Hidup memanglah badut. Setiap
orang adalah badut. Setiap hari kita memulas wajah dengan make-up tebal,
memasang senyum palsu, menunjukkan pada dunia bahwa kita baik-baik saja. Setiap
hari kita berangkat kerja, berpura-pura bekerja sepenuh hati padahal kita tahu
itu bukan pekerjaan yang kita inginkan. Setiap hari kita meyakinkan diri kalau
perempuan itu adalah jodoh kita padahal jauh di dalam hati, kita belum
benar-benar move on dari sang mantan yang legendaris. Setiap hari kita
memasang topeng, menjadi badut. Setidaknya dengan begitu, kita berharap dunia
bisa memberi sedikit belas kasihnya.
Begitulah si badut hidup di
dunianya. Meski belum sukses, walau masih melarat, belum menikah dan tak punya
kerjaan tetap, tapi ia terus melangkah menapaki realitasnya. Setelah menengok
sedikit dan merasakan sendiri realitas yang dijalani Nasap ia mulai mengerti. Ia
tahu realitasnya amat sulit dijalani.

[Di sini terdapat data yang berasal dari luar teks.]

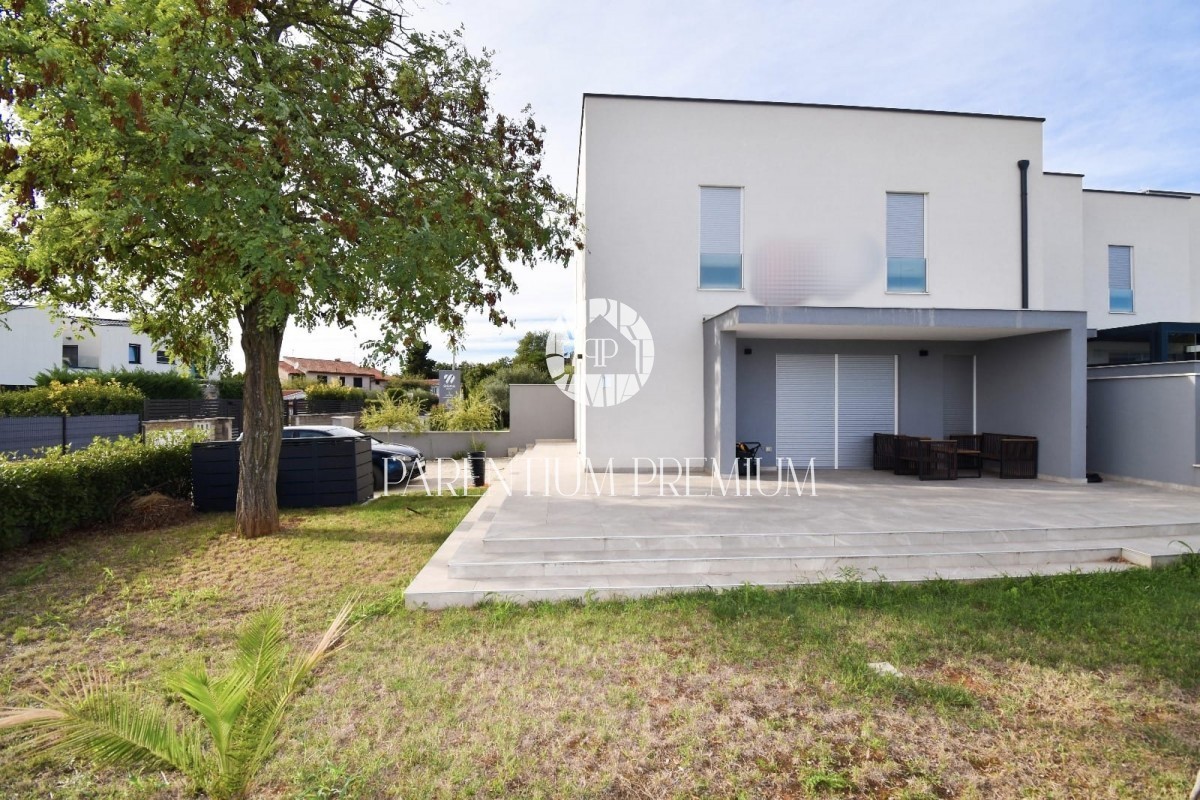 Nuova casa completamente arredata con cortile vicino a Parenzo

Tapi ia pun mengerti kalau orang lain punya kesulitannya masing-masing. Ia memang bisa memilih realitas mana yang
ingin dipijaknya. Tapi meski begitu, ia tetap berjalan di realitasnya sendiri. Untuk
terus mengembara dengan koper kesayangannya. Di dalam koper itulah hidupnya
digantungkan. Di sana ada mimpi, cita-cita, dan semangat.
Koper itu adalah bukti
keimanannya. Bahwa pada suatu saat ia akan hidup sebagai dirinya sendiri, dan terbebas
dari persepsi orang lain yang sering kali ugal-ugalan.